Comment une phobique de l'avion décide d'apprendre à voler

Je n'ai pas toujours eu peur de l'avion. Très jeune, j'adorais même ça, ça me fascinait. Jusqu'à 4 ou 5 ans, je ne redoutais qu'une seule chose: apercevoir Casimir et ses copains dans les nuages (oui, j'avais peur de Casimir de l'Ile aux Enfants). Les turbulences? C'était plutôt rigolo.

Mais à force de voir mes parents stresser en avion, très vite j'ai commencé à en avoir peur, avec tous les symptômes de la phobie: appréhension les jours précédant les vols, inquiétude à la moindre petite turbulence ou "bruit bizarre", tentatives d'évitement en essayant (en vain) de négocier des trucs ridicules pour ne pas avoir à le prendre, etc...

J'enviais tellement les gens qui étaient détendus en avion. Heureusement, la plupart des vols ne dépassaient pas 3 heures.

La seule chose que j'adorais, c'étaient les plateaux repas servis à bord (euuh...??).

Un beau jour, durant un vol, je discute avec le passager voisin, personnage plutôt improbable: un marocain parlant français avec un fort accent allemand et ayant un vague air de Gene Wilder.

Ce dernier est ingénieur chez Airbus et passionné par son métier. Il passe 2 heures à m'expliquer pleins de choses et à me parler de son travail. C'est là que je comprends qu'il suffit de m'intéresser aux avions pour en avoir moins peur.

Je comprends alors qu'il est facile d'avoir peur de ce que l'on connait pas (les raisons de l'aviaphobie peuvent être diverses).

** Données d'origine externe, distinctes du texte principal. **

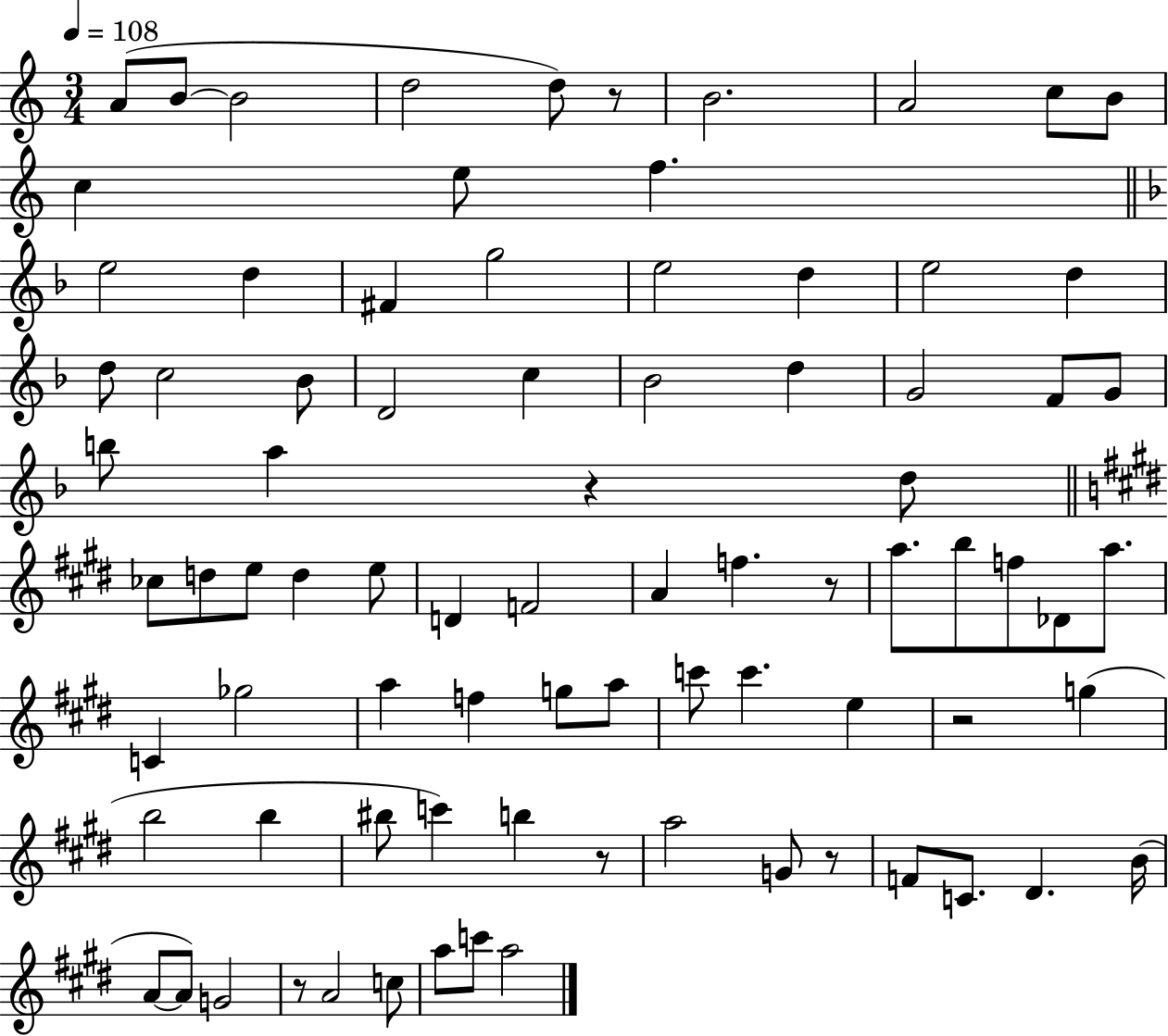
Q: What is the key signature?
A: C major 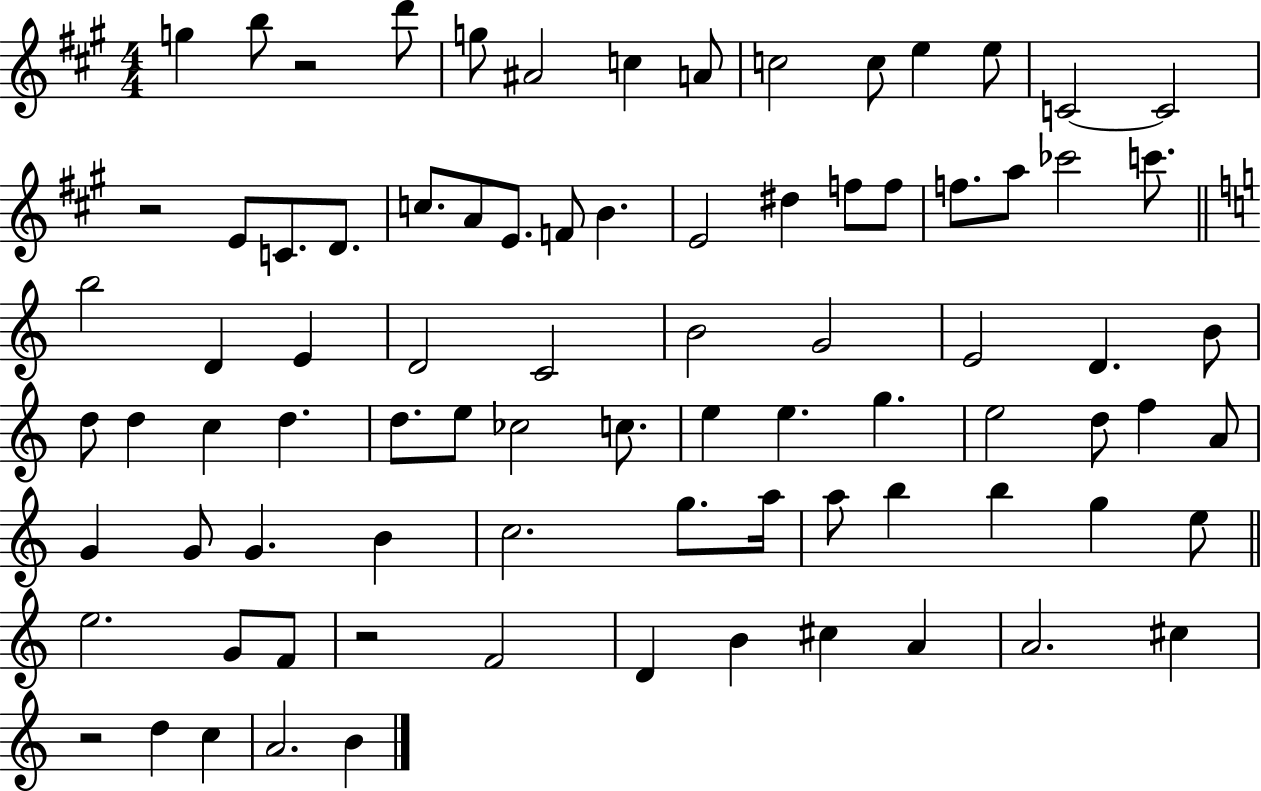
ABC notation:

Je m'intéresse donc à l'aviation, et peu à peu, me prends au jeu.


A tel point que piloter se transforme en rêve utopique, qui me parait envisageable après une discussion avec mon pote Stey, alors élève pilote, qui m'explique que c'est beaucoup plus accessible que ça en a l'air, que le coût de la formation s'étalonne dans le temps, qu'on peut l'adapter à son rythme.

Quelques années plus tard, j'ai l'occasion de voler en DR400 avec mon ami Stey.

Première impression: une fois en l'air, je n'ai qu'une envie, celle de retourner au sol. Et une fois de retour sur le plancher des vaches, je n'ai plus qu'une obsession qui ne me quitte plus: voler à nouveau!

Cela me parait totallement fou, mais je m'inscris à l'aéroclub. Je ne veux pas regretter de ne pas avoir osé. Voyons jusqu'où je peux aller...


© by Mad Madssen.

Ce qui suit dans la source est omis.